*** INPUT DATA Section Begins ***
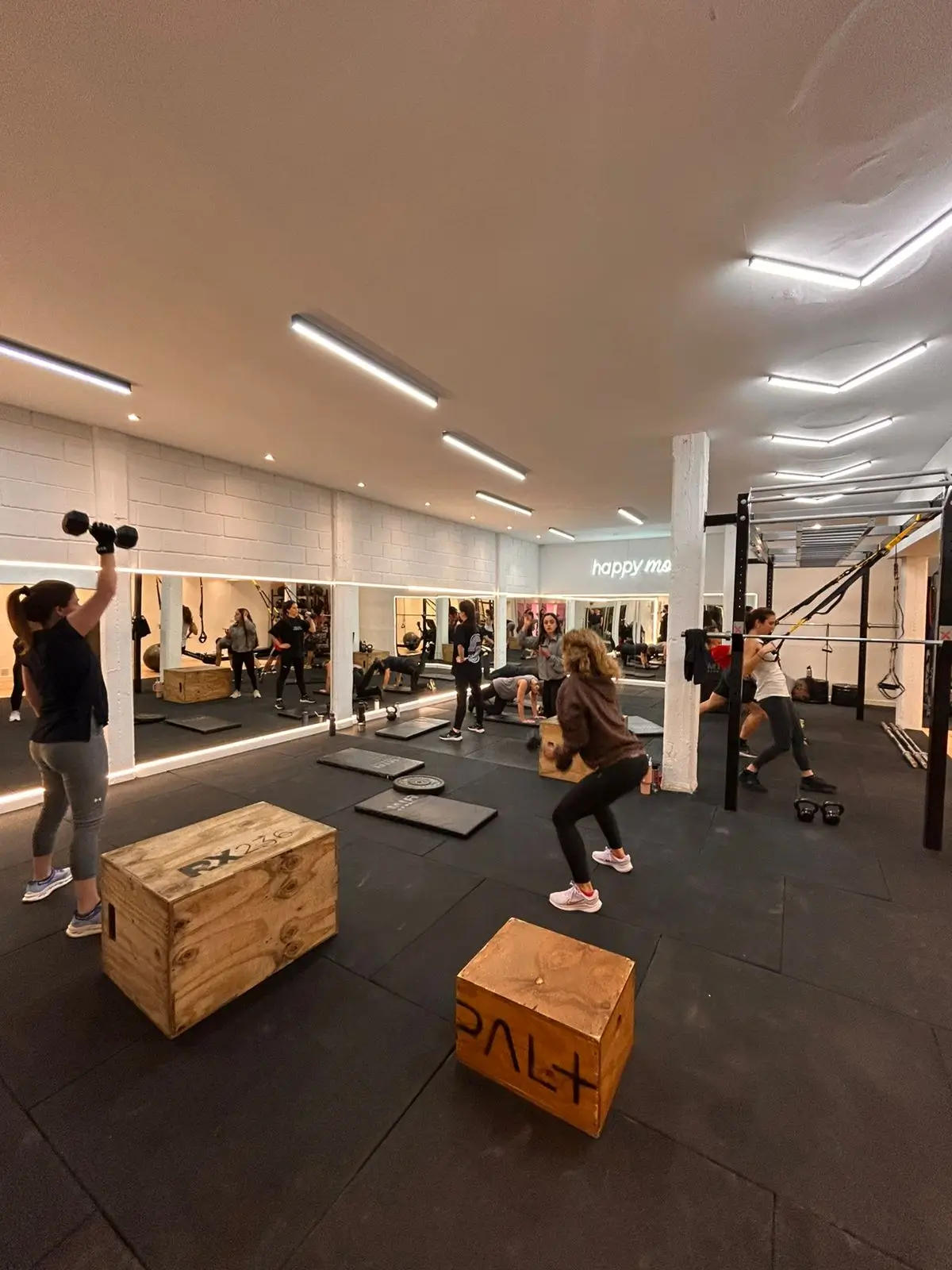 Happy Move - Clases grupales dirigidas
*** INPUT DATA Section Ends ***
*** INPUT DATA Section Begins ***
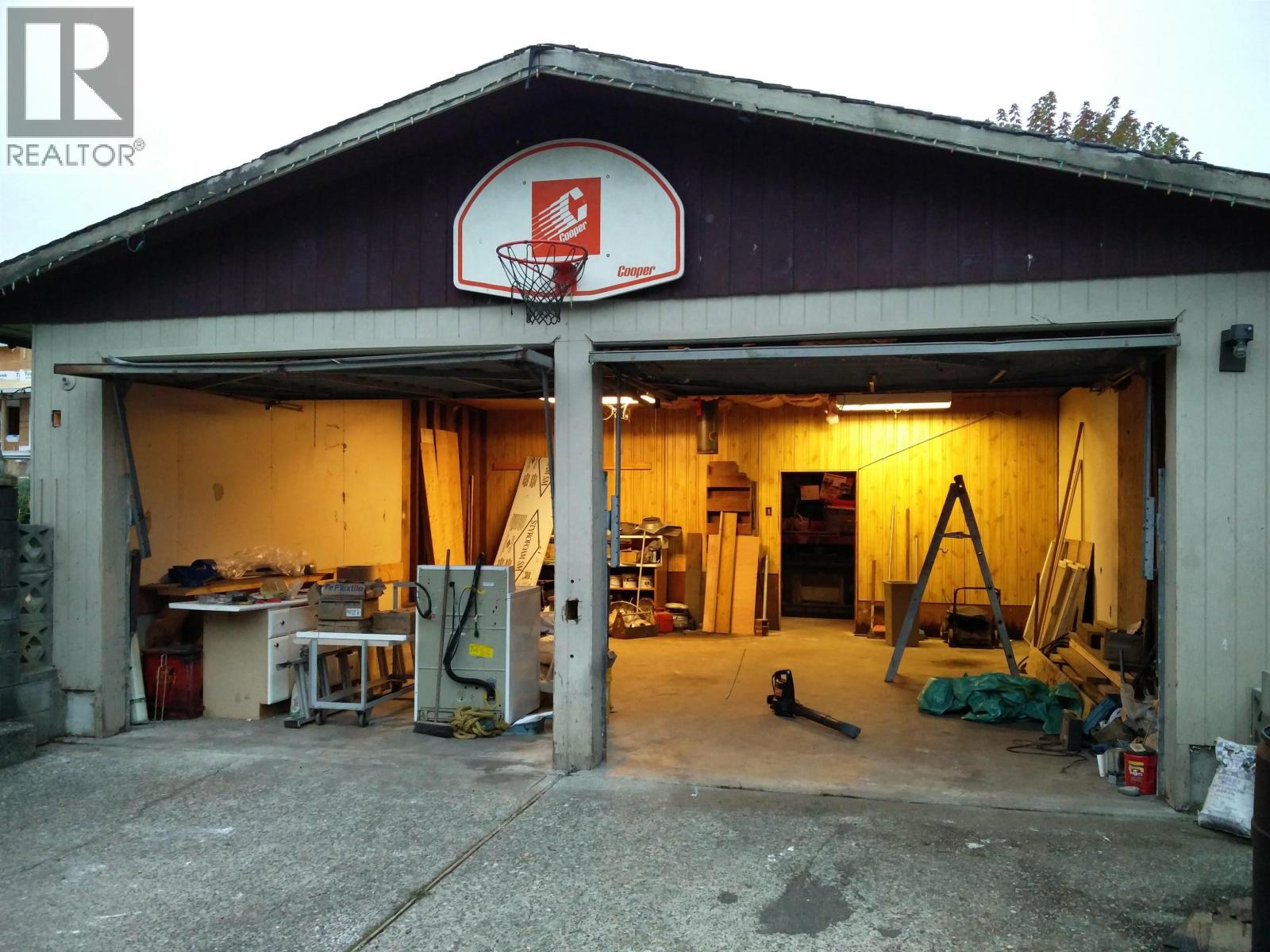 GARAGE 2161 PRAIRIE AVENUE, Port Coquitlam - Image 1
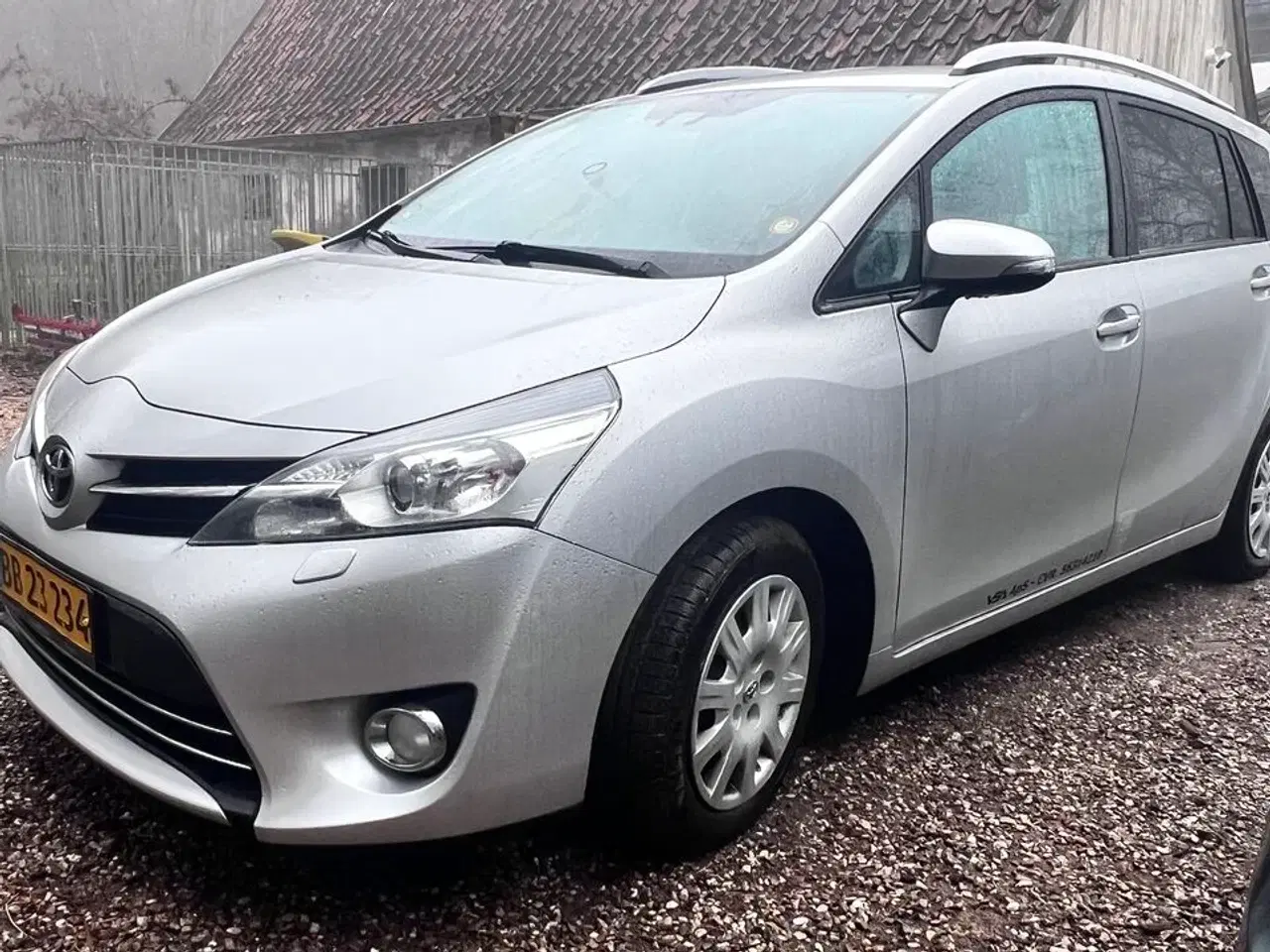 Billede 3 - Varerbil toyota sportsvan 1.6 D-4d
*** INPUT DATA Section Ends ***
*** INPUT DATA Section Begins ***
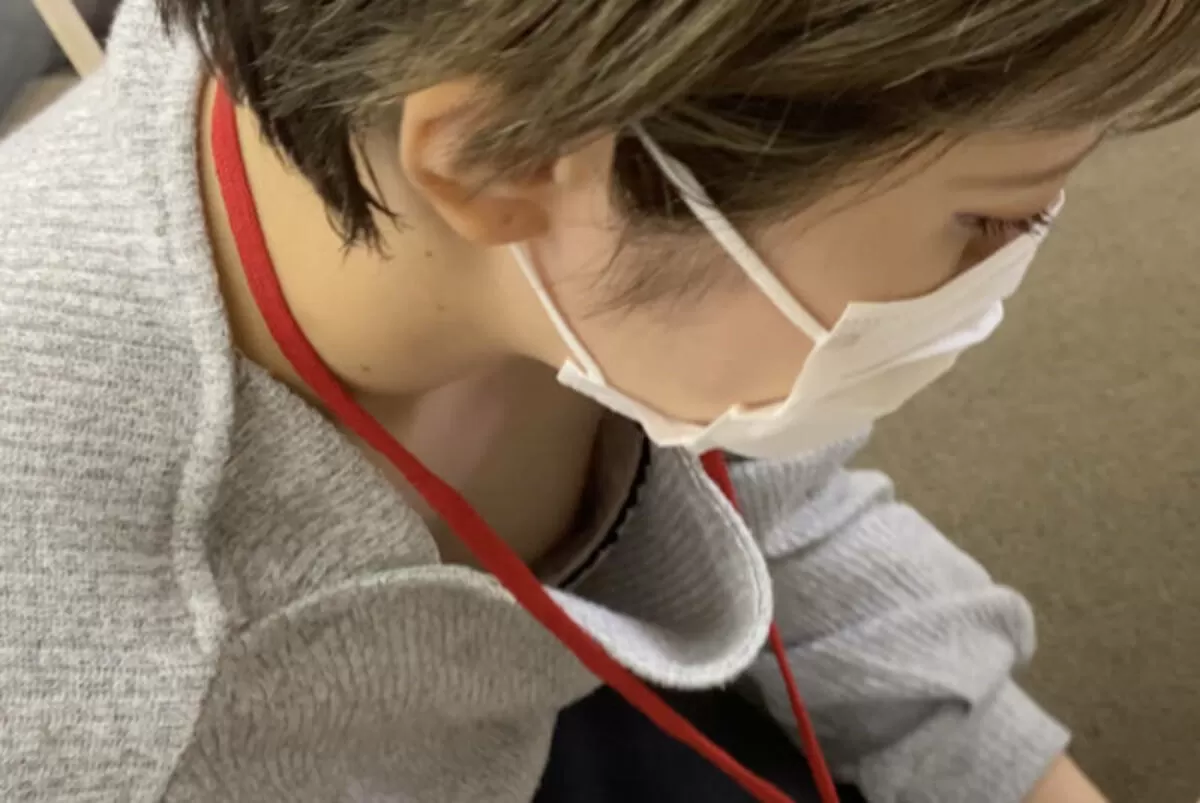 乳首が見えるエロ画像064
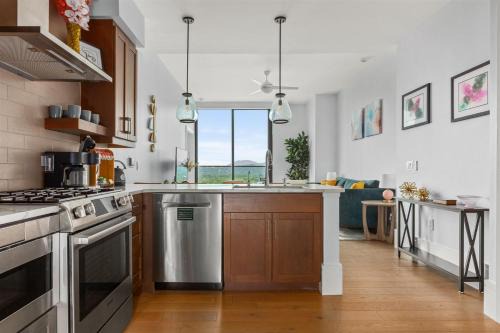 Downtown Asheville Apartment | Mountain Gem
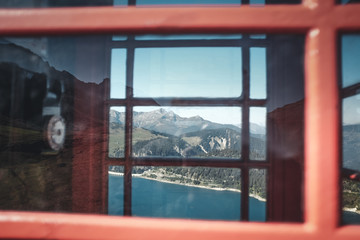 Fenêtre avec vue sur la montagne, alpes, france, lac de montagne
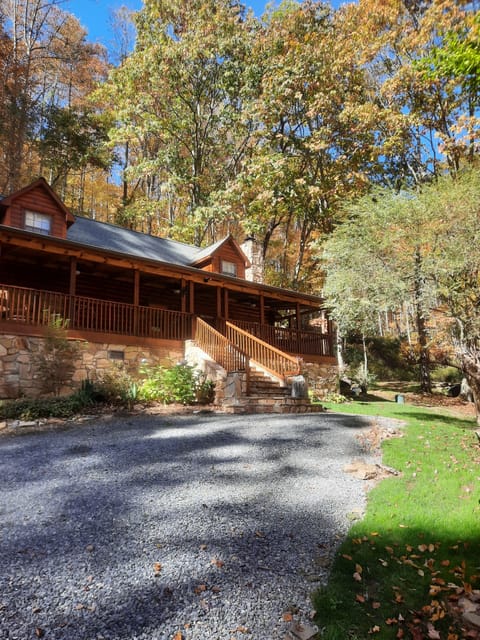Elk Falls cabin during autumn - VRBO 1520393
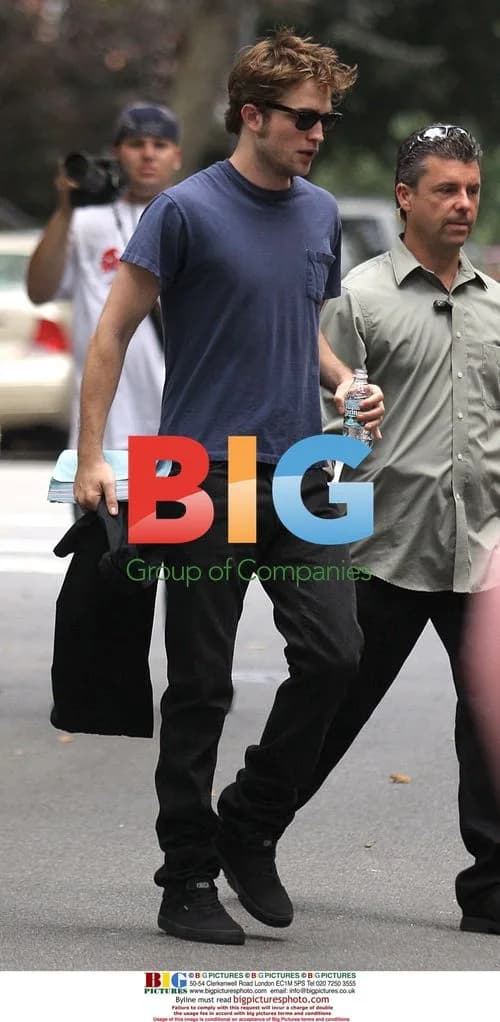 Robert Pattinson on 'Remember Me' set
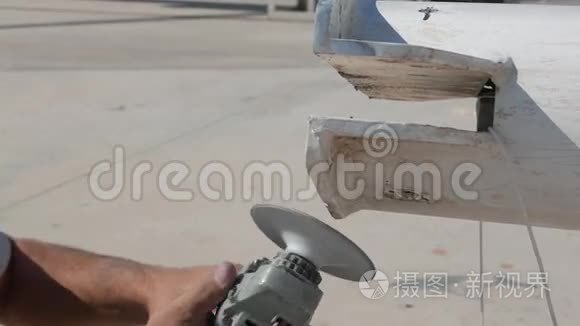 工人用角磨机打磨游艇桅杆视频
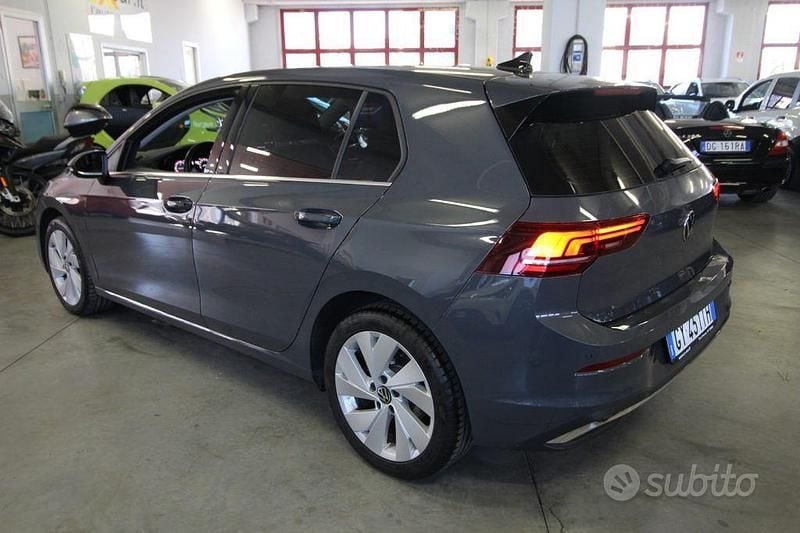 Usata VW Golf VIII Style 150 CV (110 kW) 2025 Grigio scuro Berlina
*** INPUT DATA Section Ends ***
**WHAT IS BEING ASKED**
All lines above starting at the one with "Downtown Asheville Apartment | Mountain Gem" and ending at the one with "工人用角磨机打磨游艇桅杆视频", inclusive, are to be printed again exactly, with the pictures left out.

**EXPECTED ANSWER**
 Downtown Asheville Apartment | Mountain Gem
 Fenêtre avec vue sur la montagne, alpes, france, lac de montagne
Elk Falls cabin during autumn - VRBO 1520393
 Robert Pattinson on 'Remember Me' set
 工人用角磨机打磨游艇桅杆视频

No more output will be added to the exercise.